Keep in mind that, at the time the TSE began its push early in 2023, more than half of all TSE stocks were trading below their book value. The reason was that there was often too high a reserve of cash. And even though the penalties are years away, companies are already starting to follow the new script. Buyback announcements hit an all-time record, and cash dividend payouts from the aforementioned cash piles are also at a record.
In simple terms, these TSE reforms are having a big impact by changing cultural expectations (becoming more shareholder friendly) of Japanese corporate management.
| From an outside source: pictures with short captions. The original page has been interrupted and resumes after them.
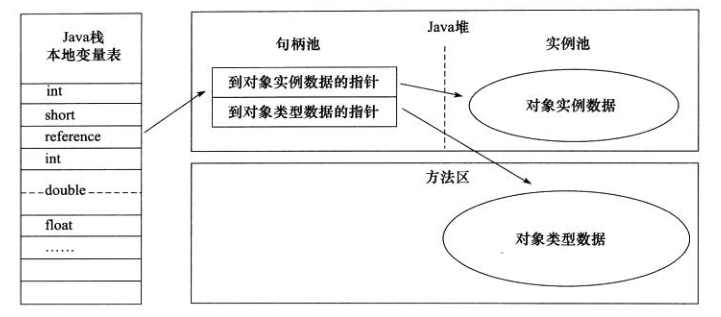 JVM基础面试题及原理讲解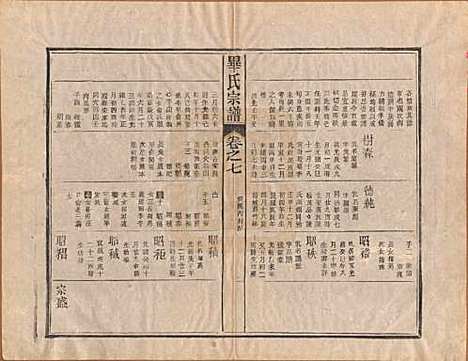 中国[毕姓] 毕氏宗谱八卷首一卷末一卷 — 民国三十一年（1942）_七.pdf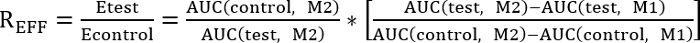 Equation 2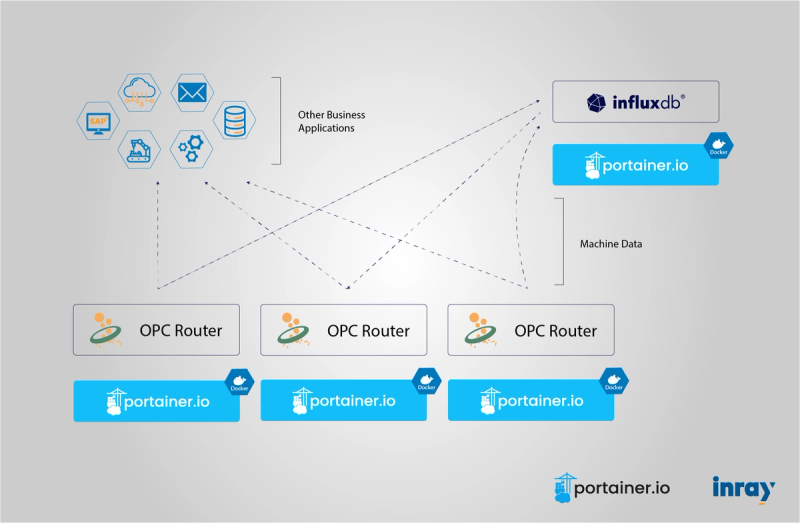 Dataflow - Inray IoTAnalytics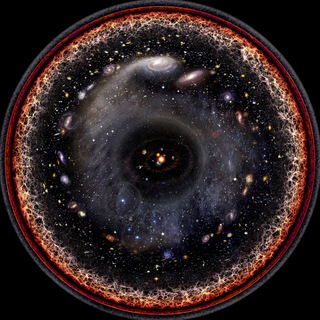 Telegram profile photo for Cosmologia ante vitam — scientia aeternum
One other structural change that seems to be boosting competition in corporate Japan—and thereby the productivity of companies themselves—is the unwinding of crossholdings. Crossholdings between companies has been one of the main criticisms of Japan’s market for decades. But now, Goldman Sachs research shows that crossholdings have reached a low of about 10% of the book value of all companies on the stock exchange.
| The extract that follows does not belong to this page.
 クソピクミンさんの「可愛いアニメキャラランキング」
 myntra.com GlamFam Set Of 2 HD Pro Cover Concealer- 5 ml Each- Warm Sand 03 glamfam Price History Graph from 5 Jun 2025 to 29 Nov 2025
And, more reforms are on the way in Japan…
More Reforms to Boost Japanese Stocks
There are stock market reforms that are shaking up the way the Japanese save. In fact, the changes due to take effect in January should give small domestic investors their first significant stake in the stock market.
Japan has announced reforms to its tax-free stock market investment account, the Nisa. The overhaul will make tax relief permanent (the accounts currently have a finite period of tax exemption) and increase the amounts that accountholders can save each year.
It’s hard to predict how Japan’s notoriously conservative savers will react. Japanese savers in recent decades have rarely strayed beyond the low interest offered on Post Office bonds. But the prospect of domestic buyers of Japanese shares increasing from a low base of 30% of all stock transactions is very alluring.
Keep in mind, too, that Japan remains one of the few countries where inflation is welcomed as an economic tonic to its underlying economic stagnation.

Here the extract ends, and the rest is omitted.